- **YOUR INSTRUCTIONS**
Using the listing below, print exactly everything from the line with "Boyz II Men Celebrate TWENTY" down to the line with "Thumbnail: 2024 Toyota Sequoia - 1", both included, and nothing more.

- **DATASET EXTRACT**
####################

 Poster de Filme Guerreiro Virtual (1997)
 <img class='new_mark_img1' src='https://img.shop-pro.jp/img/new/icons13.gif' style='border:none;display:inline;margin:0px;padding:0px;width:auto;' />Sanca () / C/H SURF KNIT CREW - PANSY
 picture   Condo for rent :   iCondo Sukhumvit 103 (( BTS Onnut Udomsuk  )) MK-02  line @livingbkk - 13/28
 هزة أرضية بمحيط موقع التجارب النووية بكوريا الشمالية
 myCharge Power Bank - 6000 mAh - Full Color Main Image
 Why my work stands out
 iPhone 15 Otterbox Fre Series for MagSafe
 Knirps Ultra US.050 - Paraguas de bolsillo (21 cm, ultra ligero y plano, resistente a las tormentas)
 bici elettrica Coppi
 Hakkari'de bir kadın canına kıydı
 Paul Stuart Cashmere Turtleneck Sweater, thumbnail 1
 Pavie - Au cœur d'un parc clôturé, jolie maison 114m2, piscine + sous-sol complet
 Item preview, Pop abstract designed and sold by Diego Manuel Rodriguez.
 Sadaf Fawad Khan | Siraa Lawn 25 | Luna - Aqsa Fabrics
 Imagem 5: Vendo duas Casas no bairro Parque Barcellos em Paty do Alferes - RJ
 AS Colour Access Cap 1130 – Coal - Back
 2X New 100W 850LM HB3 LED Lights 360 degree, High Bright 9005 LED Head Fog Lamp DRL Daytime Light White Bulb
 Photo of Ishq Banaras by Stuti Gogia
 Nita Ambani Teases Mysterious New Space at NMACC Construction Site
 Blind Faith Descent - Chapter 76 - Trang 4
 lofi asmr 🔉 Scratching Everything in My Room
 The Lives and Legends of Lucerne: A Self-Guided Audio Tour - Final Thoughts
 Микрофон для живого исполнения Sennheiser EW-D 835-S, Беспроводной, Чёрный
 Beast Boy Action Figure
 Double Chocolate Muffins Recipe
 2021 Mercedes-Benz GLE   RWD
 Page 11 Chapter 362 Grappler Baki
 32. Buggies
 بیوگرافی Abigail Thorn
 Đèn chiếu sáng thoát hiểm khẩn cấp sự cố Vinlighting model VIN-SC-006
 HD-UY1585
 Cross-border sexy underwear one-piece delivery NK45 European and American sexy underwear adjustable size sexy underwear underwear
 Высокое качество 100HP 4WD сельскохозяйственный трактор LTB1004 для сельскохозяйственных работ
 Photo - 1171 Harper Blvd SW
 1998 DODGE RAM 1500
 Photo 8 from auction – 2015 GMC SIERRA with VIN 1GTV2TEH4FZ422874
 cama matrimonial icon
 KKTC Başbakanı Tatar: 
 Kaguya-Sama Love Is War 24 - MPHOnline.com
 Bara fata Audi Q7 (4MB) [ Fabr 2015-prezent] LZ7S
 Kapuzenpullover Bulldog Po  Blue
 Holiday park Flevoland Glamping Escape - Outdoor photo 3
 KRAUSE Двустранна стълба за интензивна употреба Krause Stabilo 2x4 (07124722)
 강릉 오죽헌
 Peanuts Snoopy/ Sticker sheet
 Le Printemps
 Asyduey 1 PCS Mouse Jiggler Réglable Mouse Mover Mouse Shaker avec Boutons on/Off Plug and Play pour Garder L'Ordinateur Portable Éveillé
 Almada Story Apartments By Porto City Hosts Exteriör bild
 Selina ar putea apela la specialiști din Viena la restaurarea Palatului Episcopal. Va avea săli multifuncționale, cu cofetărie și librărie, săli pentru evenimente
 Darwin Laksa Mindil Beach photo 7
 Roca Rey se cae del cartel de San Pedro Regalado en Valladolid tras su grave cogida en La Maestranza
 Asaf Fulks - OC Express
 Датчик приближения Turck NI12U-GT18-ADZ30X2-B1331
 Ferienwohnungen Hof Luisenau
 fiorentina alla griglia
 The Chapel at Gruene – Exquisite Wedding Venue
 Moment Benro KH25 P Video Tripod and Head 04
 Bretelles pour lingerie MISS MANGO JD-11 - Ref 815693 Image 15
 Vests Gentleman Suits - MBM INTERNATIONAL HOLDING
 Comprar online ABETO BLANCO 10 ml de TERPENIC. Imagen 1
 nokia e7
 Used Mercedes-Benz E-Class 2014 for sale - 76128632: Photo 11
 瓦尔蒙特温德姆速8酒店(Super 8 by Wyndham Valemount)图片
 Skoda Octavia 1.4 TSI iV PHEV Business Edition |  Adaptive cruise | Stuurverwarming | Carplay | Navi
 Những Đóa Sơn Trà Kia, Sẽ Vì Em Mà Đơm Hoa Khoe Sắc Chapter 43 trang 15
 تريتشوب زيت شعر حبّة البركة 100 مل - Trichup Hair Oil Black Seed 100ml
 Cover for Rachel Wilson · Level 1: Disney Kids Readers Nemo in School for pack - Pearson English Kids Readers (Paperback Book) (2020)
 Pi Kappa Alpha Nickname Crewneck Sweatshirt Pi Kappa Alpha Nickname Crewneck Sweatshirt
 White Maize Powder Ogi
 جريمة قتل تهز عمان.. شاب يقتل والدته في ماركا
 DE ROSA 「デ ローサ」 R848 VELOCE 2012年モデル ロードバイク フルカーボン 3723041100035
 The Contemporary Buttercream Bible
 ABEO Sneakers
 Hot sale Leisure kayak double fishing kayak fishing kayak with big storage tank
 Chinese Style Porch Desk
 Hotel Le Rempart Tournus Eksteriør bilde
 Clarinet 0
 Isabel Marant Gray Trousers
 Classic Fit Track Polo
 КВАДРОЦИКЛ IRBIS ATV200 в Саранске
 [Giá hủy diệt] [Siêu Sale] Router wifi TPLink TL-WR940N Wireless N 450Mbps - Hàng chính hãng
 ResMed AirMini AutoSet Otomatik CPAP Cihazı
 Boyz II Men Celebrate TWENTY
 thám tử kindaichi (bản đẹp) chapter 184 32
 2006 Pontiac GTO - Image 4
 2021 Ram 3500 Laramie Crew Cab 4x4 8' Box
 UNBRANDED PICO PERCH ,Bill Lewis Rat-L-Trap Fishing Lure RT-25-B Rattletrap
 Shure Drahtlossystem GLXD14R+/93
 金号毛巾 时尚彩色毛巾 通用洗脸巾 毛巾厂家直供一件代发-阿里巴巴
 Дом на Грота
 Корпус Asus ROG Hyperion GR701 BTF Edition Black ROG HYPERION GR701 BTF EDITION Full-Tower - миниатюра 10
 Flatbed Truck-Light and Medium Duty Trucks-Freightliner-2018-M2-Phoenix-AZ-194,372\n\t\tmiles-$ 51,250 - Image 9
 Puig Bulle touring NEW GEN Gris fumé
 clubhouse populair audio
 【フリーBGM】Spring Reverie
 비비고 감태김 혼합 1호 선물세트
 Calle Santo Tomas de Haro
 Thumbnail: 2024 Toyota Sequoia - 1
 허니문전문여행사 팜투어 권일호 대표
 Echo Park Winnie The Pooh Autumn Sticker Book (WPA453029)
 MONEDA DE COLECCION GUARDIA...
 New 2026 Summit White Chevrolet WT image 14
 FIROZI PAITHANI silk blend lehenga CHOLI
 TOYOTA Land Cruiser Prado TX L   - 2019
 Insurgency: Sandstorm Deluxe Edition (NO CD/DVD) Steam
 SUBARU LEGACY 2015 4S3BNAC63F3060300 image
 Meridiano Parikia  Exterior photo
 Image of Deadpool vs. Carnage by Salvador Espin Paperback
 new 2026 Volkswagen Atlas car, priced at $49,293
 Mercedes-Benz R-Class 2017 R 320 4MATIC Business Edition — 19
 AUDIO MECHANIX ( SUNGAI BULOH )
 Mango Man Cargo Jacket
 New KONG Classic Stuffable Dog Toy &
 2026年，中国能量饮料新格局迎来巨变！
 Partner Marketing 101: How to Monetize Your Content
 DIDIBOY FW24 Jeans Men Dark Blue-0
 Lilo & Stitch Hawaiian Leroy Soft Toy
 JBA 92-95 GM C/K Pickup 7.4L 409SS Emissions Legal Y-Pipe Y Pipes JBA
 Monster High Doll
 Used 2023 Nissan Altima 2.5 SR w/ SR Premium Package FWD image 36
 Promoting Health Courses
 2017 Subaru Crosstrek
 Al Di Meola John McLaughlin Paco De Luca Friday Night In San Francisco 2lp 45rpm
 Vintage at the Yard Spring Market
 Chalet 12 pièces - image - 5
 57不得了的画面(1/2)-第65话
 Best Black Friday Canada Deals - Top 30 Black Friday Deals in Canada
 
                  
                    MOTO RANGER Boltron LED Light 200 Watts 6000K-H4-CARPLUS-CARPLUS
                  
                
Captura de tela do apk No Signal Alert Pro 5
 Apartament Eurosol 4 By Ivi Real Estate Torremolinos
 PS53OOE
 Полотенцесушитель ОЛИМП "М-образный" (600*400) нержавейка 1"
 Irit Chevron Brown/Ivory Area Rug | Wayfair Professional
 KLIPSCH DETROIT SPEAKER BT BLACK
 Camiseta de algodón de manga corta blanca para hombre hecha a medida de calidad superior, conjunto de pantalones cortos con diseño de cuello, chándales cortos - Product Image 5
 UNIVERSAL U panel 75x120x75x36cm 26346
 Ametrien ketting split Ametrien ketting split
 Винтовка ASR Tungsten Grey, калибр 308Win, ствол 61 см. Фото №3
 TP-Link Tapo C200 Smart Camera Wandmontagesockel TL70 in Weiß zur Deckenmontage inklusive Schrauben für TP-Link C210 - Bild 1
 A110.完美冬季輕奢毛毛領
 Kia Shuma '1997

####################

- **ANSWER TO THE PROBLEM**
 Boyz II Men Celebrate TWENTY
 thám tử kindaichi (bản đẹp) chapter 184 32
 2006 Pontiac GTO - Image 4
 2021 Ram 3500 Laramie Crew Cab 4x4 8' Box
 UNBRANDED PICO PERCH ,Bill Lewis Rat-L-Trap Fishing Lure RT-25-B Rattletrap
 Shure Drahtlossystem GLXD14R+/93
 金号毛巾 时尚彩色毛巾 通用洗脸巾 毛巾厂家直供一件代发-阿里巴巴
 Дом на Грота
 Корпус Asus ROG Hyperion GR701 BTF Edition Black ROG HYPERION GR701 BTF EDITION Full-Tower - миниатюра 10
 Flatbed Truck-Light and Medium Duty Trucks-Freightliner-2018-M2-Phoenix-AZ-194,372\n\t\tmiles-$ 51,250 - Image 9
 Puig Bulle touring NEW GEN Gris fumé
 clubhouse populair audio
 【フリーBGM】Spring Reverie
 비비고 감태김 혼합 1호 선물세트
 Calle Santo Tomas de Haro
 Thumbnail: 2024 Toyota Sequoia - 1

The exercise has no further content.